──────── Data for review
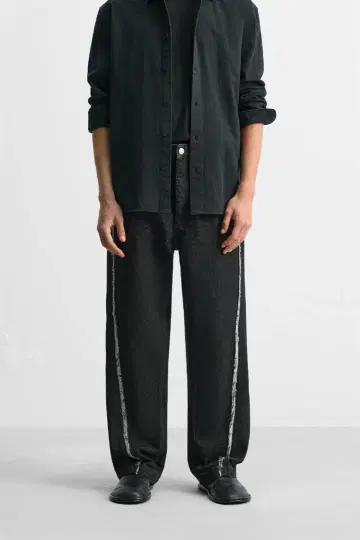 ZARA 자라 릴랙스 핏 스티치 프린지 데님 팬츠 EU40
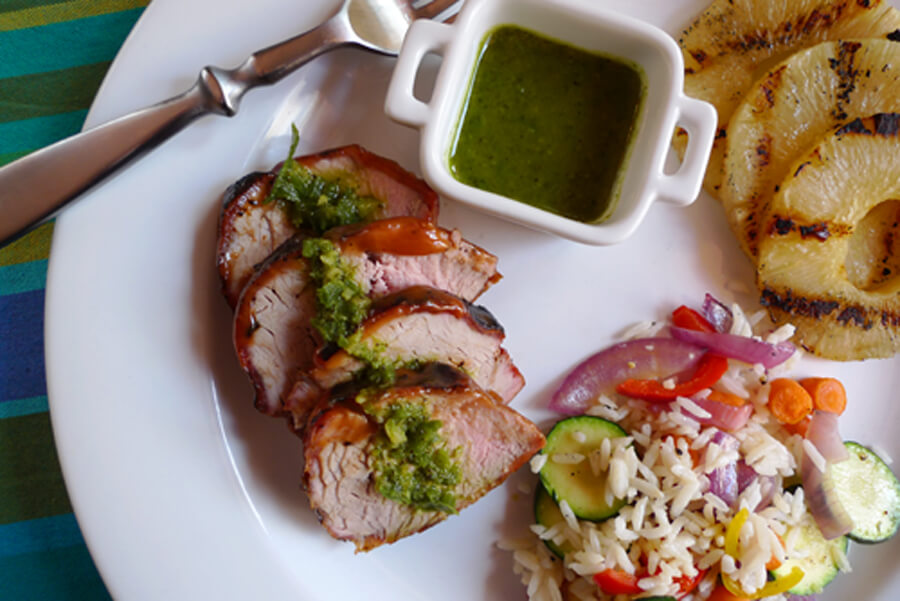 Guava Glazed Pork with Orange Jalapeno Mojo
────────────────
──────── Data for review
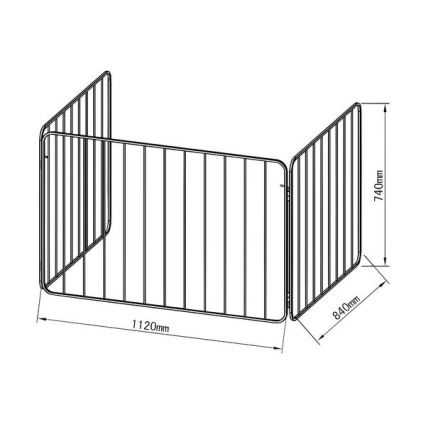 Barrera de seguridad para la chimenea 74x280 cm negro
────────────────
──────── Data for review
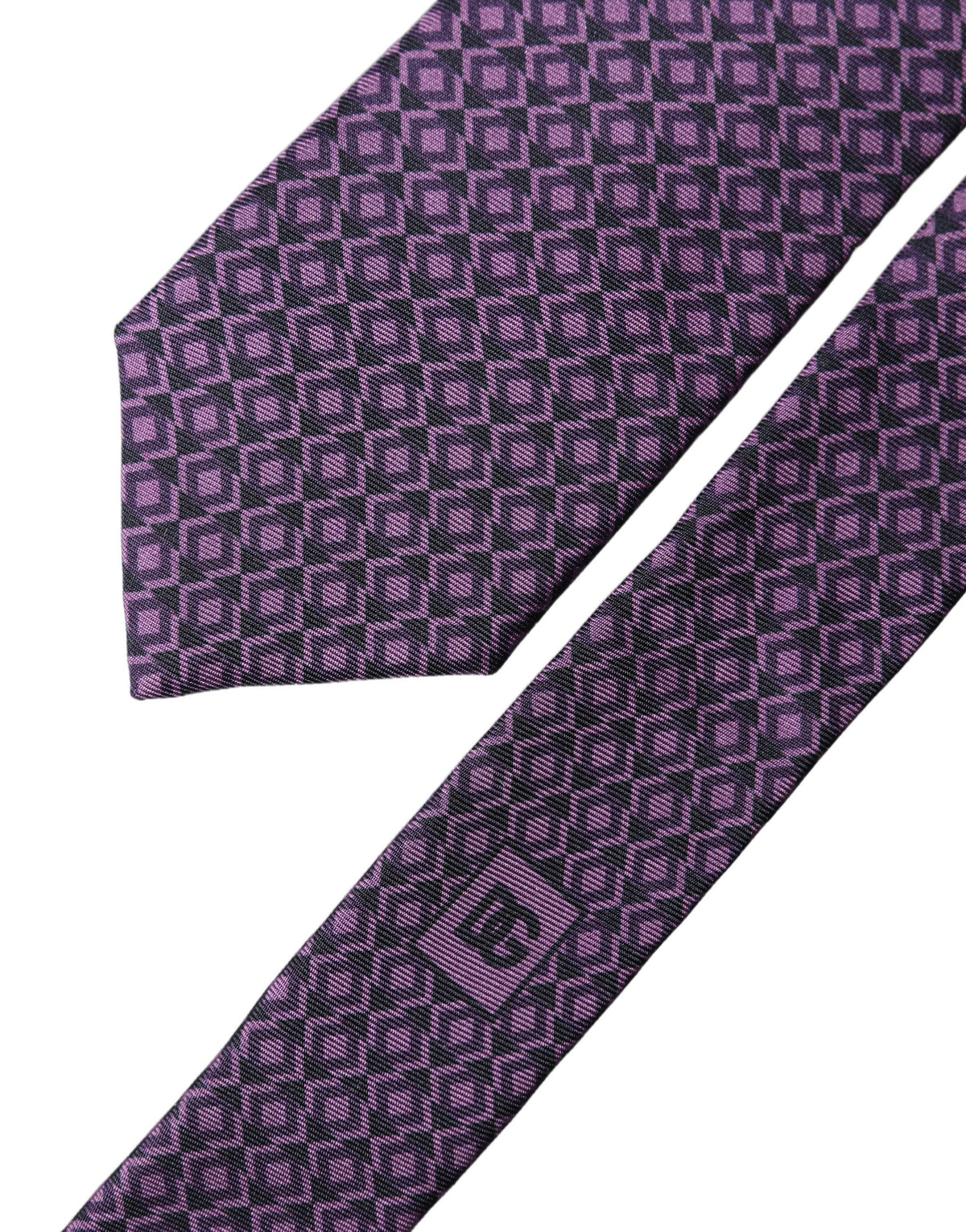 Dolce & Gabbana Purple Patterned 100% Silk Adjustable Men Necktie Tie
────────────────
Work to be completed:
Give the lines above again exactly, from the one containing "ZARA 자라 릴랙스 핏 스티치 프린지 데님 팬츠 EU40" to the one containing "Guava Glazed Pork with Orange Jalapeno Mojo", both included, but leave out the pictures.

Solution to the problem:
 ZARA 자라 릴랙스 핏 스티치 프린지 데님 팬츠 EU40
 Guava Glazed Pork with Orange Jalapeno Mojo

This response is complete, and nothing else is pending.